Question 1
What’s the computational complexity of the Groovy unique()
method?
Question 2
How could I have figured it out by myself? The unique()
method is defined in the class DefaultGroovyMethods
. The source code can be found here: org.codehaus.groovy.runtime.DefaultGroovyMethods. Can you point me to the piece of code which illustrates the answer to question 1?
7
As Lernkurve pointed out in the comments, the implementation given in Groovy’s source code appears to be O(n^2).
public static <T> Collection<T> unique(Collection<T> self, boolean mutate) {
List<T> answer = new ArrayList<T>();
for (T t : self) { // << Outer loop over each item
boolean duplicated = false;
for (T t2 : answer) { // << Inner loop over each found item
if (coercedEquals(t, t2)) {
duplicated = true;
break;
}
}
if (!duplicated)
answer.add(t);
}
if (mutate) {
self.clear();
self.addAll(answer);
}
return mutate ? self : answer ;
}
The outer loop ensures that the time complexity is at least O(n), because it will grow linearly as the input list grows. Likewise, the inner loop taken by itself is O(n). For each item in the input list, it then loops over each item that it’s registered into the “answer” list to see if that item is already contained. Put them together and you’ve got an O(n^2) function.
As I pointed out in the comments, there are a few ways you might get better performance out of this, for large sets. If you’re willing to spend a bit more memory, you can use a Hash set of some kind to register whether or not an element has already been included. These generally have an O(1) lookup time to check if the current item is unique to the list.
Alternatively, sorting the input list (if it is sortable) with a good sort function (most of those included in a language’s standard library will be O(n log n)) can help, assuming you don’t care about the order of the “unique” output list. This way you can be sure that duplicate elements will always appear in sequence with each other, and it becomes trivial to reject them from the output.
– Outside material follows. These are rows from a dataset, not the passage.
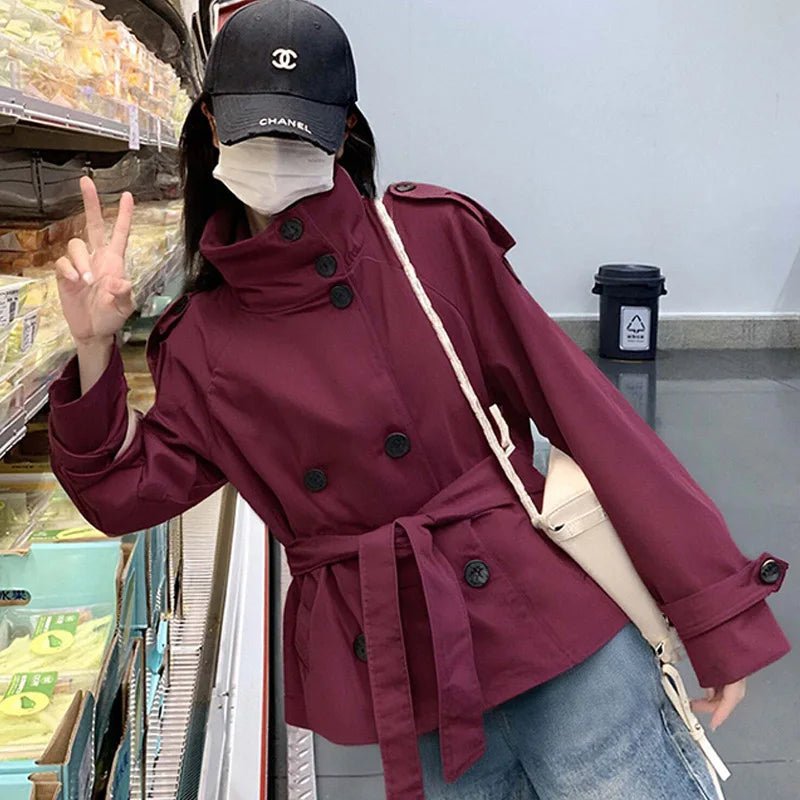 SOERA Kara Stand Collar Belted Crop Trenchcoat - Jackets - 1005009693239722-;dD1771494648611088341 Burgundy XS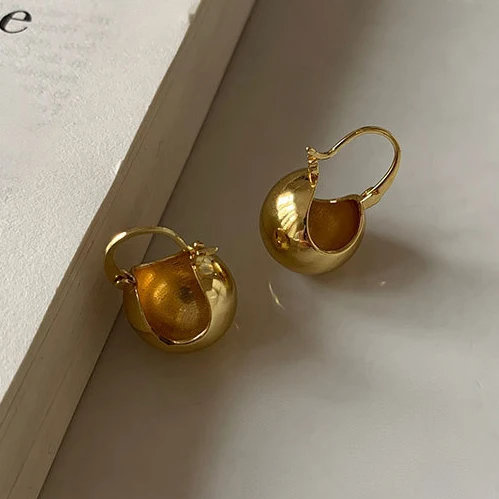 Женские серьги-кольца в форме золотого шара серебро 925 пробы Геометрическая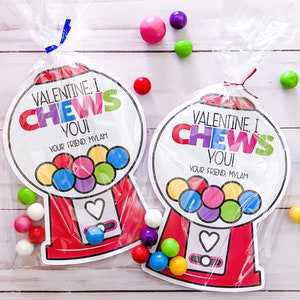 Gumball Machine Kids Valentines Cards, I Chews You Valentine's Day Card, Boy Girl Valentine, Gum Ball Printed School Classroom Cards Favors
Indeed complexity is O(n^2)
. For deeper explanation of how we arrived at O(n^2)
:
Pretend input is [1 2 3 4 5 6]
Outer loop iteration 1: answer == [ ]
, t == 1
Outer loop iteration 2: answer == [1]
, t == 2
Outer loop iteration 3: answer == [1, 2]
, t == 3
Outer loop iteration 4: answer == [1, 2, 3]
, t == 4
Outer loop iteration 5: answer == [1, 2, 3, 4]
, t == 5
Outer loop iteration 6: answer == [1, 2, 3, 4, 5]
, t == 6
Now sum the number of each inner loop iterations for each of the 6 outer loop iterations:
0 + 1 + 2 + 3 + 4 + 5 = 15
(5 + 0) + (4 + 1) + (2 + 3) = 15
(n/2) * (n - 1) = (n^2 - n)/2 -> O(n^2) (this is the tightest bound)
List<T> answer = new ArrayList<T>();
for (T t : self) {
boolean duplicated = false;
for (T t2 : answer) {
if (comparator.compare(t, t2) == 0) {
duplicated = true;
break;
}
}
if (!duplicated)
answer.add(t);
}
if (mutate) {
self.clear();
self.addAll(answer);
}
return mutate ? self : answer;
I argue that one can write her own algorithm for accomplishing the same thing but in O(n)
time, specifically using a Map
. First throw all the items into the Map
using the specified key, then iterate through all values in the Map
. Throwing items into Map
is O(n)
, iterating is also O(n)
, which equates to O(n)
(not O(2n)
since the growth is still linear). Not sure why Groovy developers didn’t optimize, unless I’m missing something.